Skip failing model until issues is resolved (#638)

Depending on which machine Llama inference test lands, it'll ether pass or fail due to system DRAM limitations. In sum, during compile time Llama inference requires around 32GB of system memory, which is on limit for most machines. Therefore, untill this issues is resolved we're skipping this test to unblock our CI.
tenstorrent · Nov 7, 2024 · fcbee46 · fcbee46
1 parent 0f1d8ee
commit fcbee46
Showing 1 changed file with 1 addition and 1 deletion.

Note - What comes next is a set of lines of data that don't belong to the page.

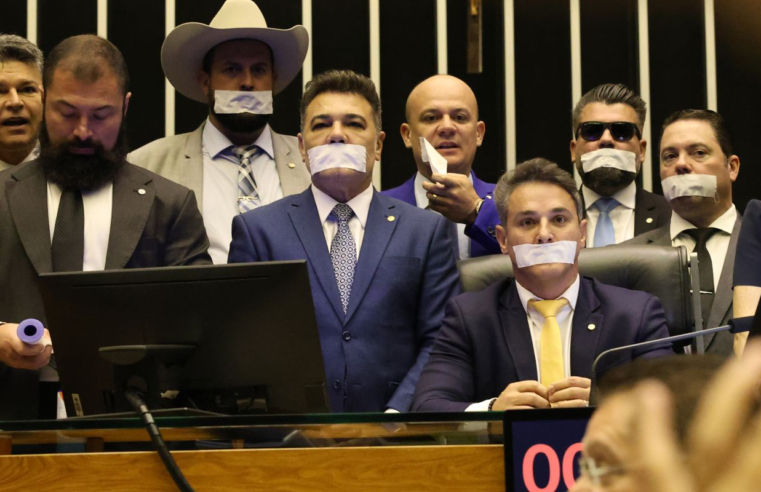 Oposição ocupa plenários por anistia a 8/1 e impeachment de Moraes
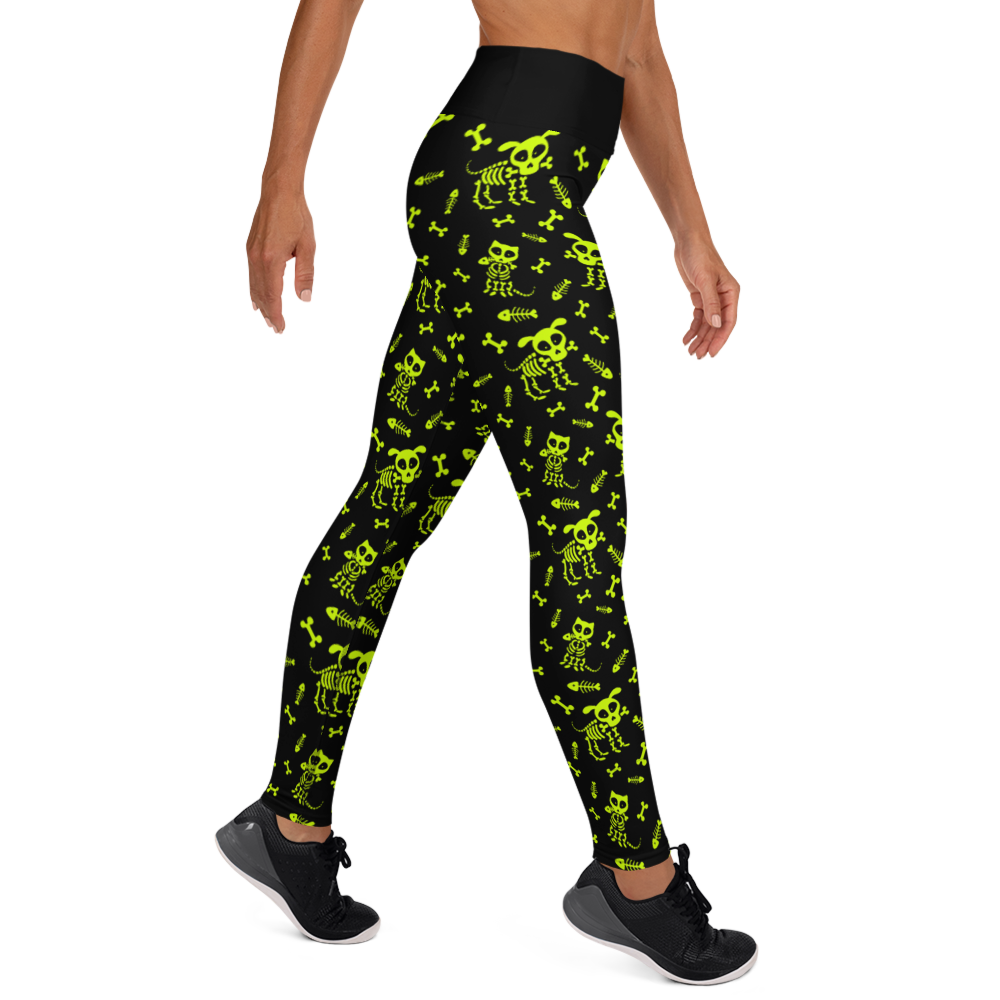 Skeleton Pets Yoga Leggings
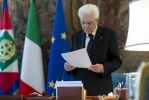 Il Presidente Sergio Mattarella al termine del videomessaggio agli italiani all’estero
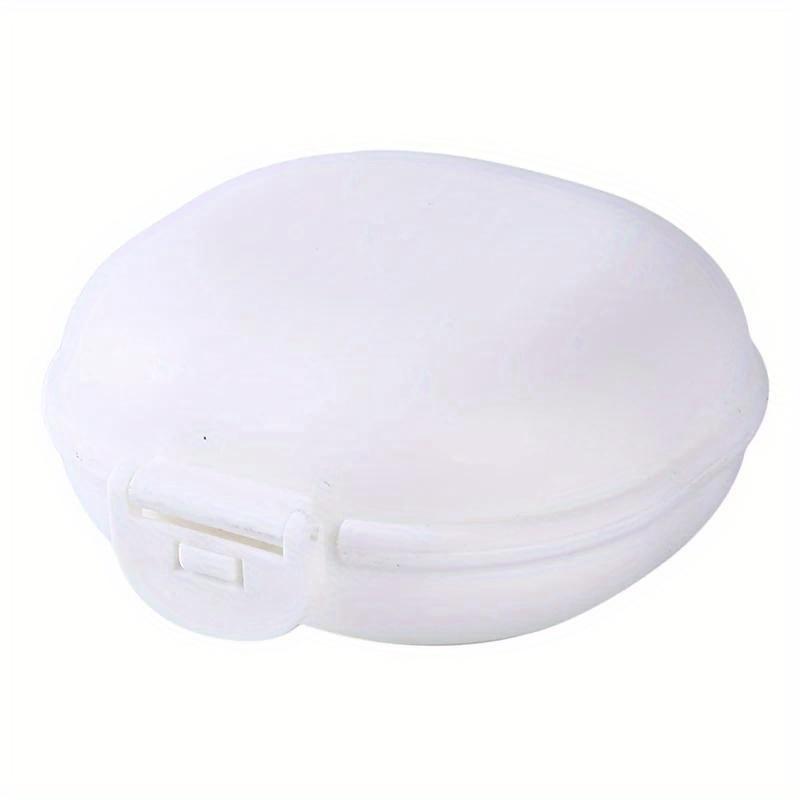 1Pc Waterproof Soap Box with Lid Travel Bathroom Creative Cute Solid Color Draining Portable Holder Camping Equipment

diff --git a/forge/test/mlir/llama/test_llama_inference.py b/forge/test/mlir/llama/test_llama_inference.py
@@ -11,8 +11,8 @@
 
 
 @pytest.mark.parametrize("model_path", ["openlm-research/open_llama_3b", "meta-llama/Llama-3.2-1B"])
-@pytest.mark.xfail()
 @pytest.mark.push
+@pytest.mark.skip(reason="Out of system memory during compile time. Skipping until resolved")
 def test_llama_inference(model_path):
     if model_path == "meta-llama/Llama-3.2-1B":
         pytest.skip("Skipping test for Llama-3.2-1B model, waiting for new transformers version.")